After 10 straight days of hiccups, Brazilian President Jair Bolsonaro was admitted to a hospital Wednesday with an intestinal obstruction, but doctors said they would not operate immediately.
Bolsonaro, 66, was admitted to the Armed Forces Hospital in the capital of Brasilia in the morning and was “feeling well,” according to an initial statement that said physicians were examining his persistent hiccups.
But hours later, the president's office said the surgeon who operated on Bolsonaro after he was stabbed in the abdomen during the 2018 presidential campaign decided to transfer him to Sao Paulo, where he underwent additional tests. By Wednesday night, the Hospital Nova Star released a statement saying the president would receive “a conservative clinical treatment,” meaning he will not go through surgery for now.
Bolsonaro, who is both Catholic and evangelical, posted on his official Twitter account a photo of himself lying on a hospital bed, eyes closed, several monitoring sensors stuck to his bare torso. At the edge of the photo, a hand reaches out from an unseen person wearing what appears to be a black religious robe and a long chain with a gold cross.
The 2018 stabbing caused intestinal damage and serious internal bleeding and the president has gone through several surgeries since, some unrelated to the attack.

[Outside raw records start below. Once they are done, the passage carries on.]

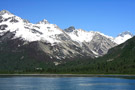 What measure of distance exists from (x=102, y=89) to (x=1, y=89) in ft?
186

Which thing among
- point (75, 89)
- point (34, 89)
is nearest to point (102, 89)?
point (75, 89)

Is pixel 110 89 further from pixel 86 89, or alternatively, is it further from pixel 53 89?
pixel 53 89

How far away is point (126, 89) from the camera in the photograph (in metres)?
156

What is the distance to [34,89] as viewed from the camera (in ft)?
525

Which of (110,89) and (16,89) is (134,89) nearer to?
(110,89)

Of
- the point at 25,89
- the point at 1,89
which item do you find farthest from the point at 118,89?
the point at 1,89

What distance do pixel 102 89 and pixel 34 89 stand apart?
38.3 m

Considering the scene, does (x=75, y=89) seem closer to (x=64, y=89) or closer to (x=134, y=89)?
(x=64, y=89)

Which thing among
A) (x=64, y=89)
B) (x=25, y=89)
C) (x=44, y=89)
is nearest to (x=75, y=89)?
(x=64, y=89)

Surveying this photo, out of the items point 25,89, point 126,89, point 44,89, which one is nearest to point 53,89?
point 44,89

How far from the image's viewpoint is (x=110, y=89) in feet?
519

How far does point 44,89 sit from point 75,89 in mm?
17518

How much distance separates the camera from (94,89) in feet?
523

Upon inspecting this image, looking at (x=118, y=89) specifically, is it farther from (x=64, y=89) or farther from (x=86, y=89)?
(x=64, y=89) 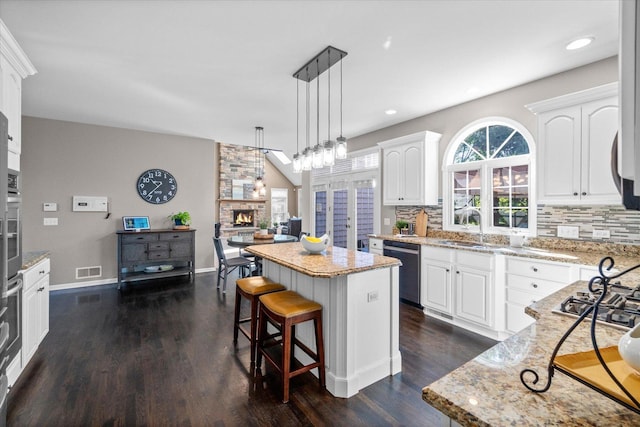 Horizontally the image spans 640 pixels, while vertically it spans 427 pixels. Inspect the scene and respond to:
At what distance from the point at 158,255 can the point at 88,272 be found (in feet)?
3.81

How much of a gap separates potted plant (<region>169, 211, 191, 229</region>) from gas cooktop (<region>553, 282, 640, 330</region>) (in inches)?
222

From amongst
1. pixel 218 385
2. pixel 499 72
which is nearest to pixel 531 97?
pixel 499 72

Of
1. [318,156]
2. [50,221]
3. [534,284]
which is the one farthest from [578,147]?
[50,221]

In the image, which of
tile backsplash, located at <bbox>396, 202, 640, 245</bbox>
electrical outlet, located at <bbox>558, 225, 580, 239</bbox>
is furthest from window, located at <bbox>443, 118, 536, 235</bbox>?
electrical outlet, located at <bbox>558, 225, 580, 239</bbox>

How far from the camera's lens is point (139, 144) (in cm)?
552

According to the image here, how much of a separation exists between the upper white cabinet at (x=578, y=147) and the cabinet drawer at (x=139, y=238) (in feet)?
18.4

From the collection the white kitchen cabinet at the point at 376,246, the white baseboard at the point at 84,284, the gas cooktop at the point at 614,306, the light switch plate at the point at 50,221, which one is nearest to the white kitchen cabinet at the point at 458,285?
the white kitchen cabinet at the point at 376,246

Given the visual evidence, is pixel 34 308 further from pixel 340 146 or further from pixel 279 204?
pixel 279 204

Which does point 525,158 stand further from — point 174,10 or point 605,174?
point 174,10

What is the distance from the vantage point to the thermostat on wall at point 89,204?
5.00m

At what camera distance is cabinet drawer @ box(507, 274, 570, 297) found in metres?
2.67

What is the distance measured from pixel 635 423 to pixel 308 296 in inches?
80.2

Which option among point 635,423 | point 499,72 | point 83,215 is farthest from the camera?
point 83,215

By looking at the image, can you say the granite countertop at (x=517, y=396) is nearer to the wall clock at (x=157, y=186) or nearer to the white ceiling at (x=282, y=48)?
the white ceiling at (x=282, y=48)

In recent weeks, Bolsonaro has appeared to struggle with speaking on various occasions and said that he suffers from recurring hiccups.
“I apologise to everyone who is listening to me, because I’ve been hiccupping for five days now,” the president said in an interview with Radio Guaiba on July 7. He suggested that some medications prescribed after dental surgery might be the cause. "I have the hiccups 24 hours a day.”
The following day, during his weekly Facebook Live session, Bolsonaro apologised again for not being able to express himself well due to the weeklong hiccups.
Chronic hiccups are usually the manifestation of an underlying problem, such as an obstructed intestine, that might require surgery, said Dr. Anthony Lembo, a gastroenterologist at Beth Israel Deaconess Medical Center in Boston. In some cases, part of the intestine might need to be removed, he said.
“Any time you’re moving bowels, it’s not a small surgery,” Lembo said, adding that in the case of repeated surgeries, as in Bolsonaro’s case, interventions get more complicated.
Bolsonaro has been under growing pressure from a congressional inquiry into his administration's handling of the coronavirus pandemic and alleged corruption in the acquisition of COVID-19 vaccines. Recent polls have shown record-low approval ratings and indications that he could lose next year’s election.
On Tuesday night, in a 20-minute encounter with the president in Brasilia, supporters repeatedly asked him to look after his health.